EXERCISE BRIEF. An exact restatement of the records below is expected.

INFORMATION SHOWN.

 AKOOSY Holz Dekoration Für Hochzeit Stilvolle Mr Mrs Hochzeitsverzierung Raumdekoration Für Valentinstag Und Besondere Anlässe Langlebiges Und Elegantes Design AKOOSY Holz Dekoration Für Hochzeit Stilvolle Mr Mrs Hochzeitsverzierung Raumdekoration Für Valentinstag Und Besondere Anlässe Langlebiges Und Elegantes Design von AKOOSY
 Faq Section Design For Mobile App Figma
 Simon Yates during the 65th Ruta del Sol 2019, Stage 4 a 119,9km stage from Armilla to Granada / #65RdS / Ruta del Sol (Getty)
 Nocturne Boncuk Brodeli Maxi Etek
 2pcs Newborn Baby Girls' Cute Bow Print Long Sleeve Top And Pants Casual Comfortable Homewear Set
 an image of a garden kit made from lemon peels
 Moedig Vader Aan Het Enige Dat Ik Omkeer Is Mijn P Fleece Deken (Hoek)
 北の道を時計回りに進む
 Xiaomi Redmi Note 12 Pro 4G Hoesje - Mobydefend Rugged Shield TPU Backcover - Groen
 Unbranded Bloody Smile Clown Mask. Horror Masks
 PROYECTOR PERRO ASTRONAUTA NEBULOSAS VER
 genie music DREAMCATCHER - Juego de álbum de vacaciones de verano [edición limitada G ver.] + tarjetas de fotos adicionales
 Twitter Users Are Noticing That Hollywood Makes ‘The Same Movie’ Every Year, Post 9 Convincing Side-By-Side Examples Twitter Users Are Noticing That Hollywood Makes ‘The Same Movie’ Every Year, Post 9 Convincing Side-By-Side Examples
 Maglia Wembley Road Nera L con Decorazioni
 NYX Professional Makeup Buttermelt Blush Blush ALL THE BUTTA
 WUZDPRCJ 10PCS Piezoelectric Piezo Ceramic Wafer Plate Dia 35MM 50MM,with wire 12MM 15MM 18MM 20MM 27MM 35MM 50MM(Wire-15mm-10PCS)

TASK SOLUTION.
 AKOOSY Holz Dekoration Für Hochzeit Stilvolle Mr Mrs Hochzeitsverzierung Raumdekoration Für Valentinstag Und Besondere Anlässe Langlebiges Und Elegantes Design AKOOSY Holz Dekoration Für Hochzeit Stilvolle Mr Mrs Hochzeitsverzierung Raumdekoration Für Valentinstag Und Besondere Anlässe Langlebiges Und Elegantes Design von AKOOSY
 Faq Section Design For Mobile App Figma
 Simon Yates during the 65th Ruta del Sol 2019, Stage 4 a 119,9km stage from Armilla to Granada / #65RdS / Ruta del Sol (Getty)
 Nocturne Boncuk Brodeli Maxi Etek
 2pcs Newborn Baby Girls' Cute Bow Print Long Sleeve Top And Pants Casual Comfortable Homewear Set
 an image of a garden kit made from lemon peels
 Moedig Vader Aan Het Enige Dat Ik Omkeer Is Mijn P Fleece Deken (Hoek)
 北の道を時計回りに進む
 Xiaomi Redmi Note 12 Pro 4G Hoesje - Mobydefend Rugged Shield TPU Backcover - Groen
 Unbranded Bloody Smile Clown Mask. Horror Masks
 PROYECTOR PERRO ASTRONAUTA NEBULOSAS VER
 genie music DREAMCATCHER - Juego de álbum de vacaciones de verano [edición limitada G ver.] + tarjetas de fotos adicionales
 Twitter Users Are Noticing That Hollywood Makes ‘The Same Movie’ Every Year, Post 9 Convincing Side-By-Side Examples Twitter Users Are Noticing That Hollywood Makes ‘The Same Movie’ Every Year, Post 9 Convincing Side-By-Side Examples
 Maglia Wembley Road Nera L con Decorazioni
 NYX Professional Makeup Buttermelt Blush Blush ALL THE BUTTA
 WUZDPRCJ 10PCS Piezoelectric Piezo Ceramic Wafer Plate Dia 35MM 50MM,with wire 12MM 15MM 18MM 20MM 27MM 35MM 50MM(Wire-15mm-10PCS)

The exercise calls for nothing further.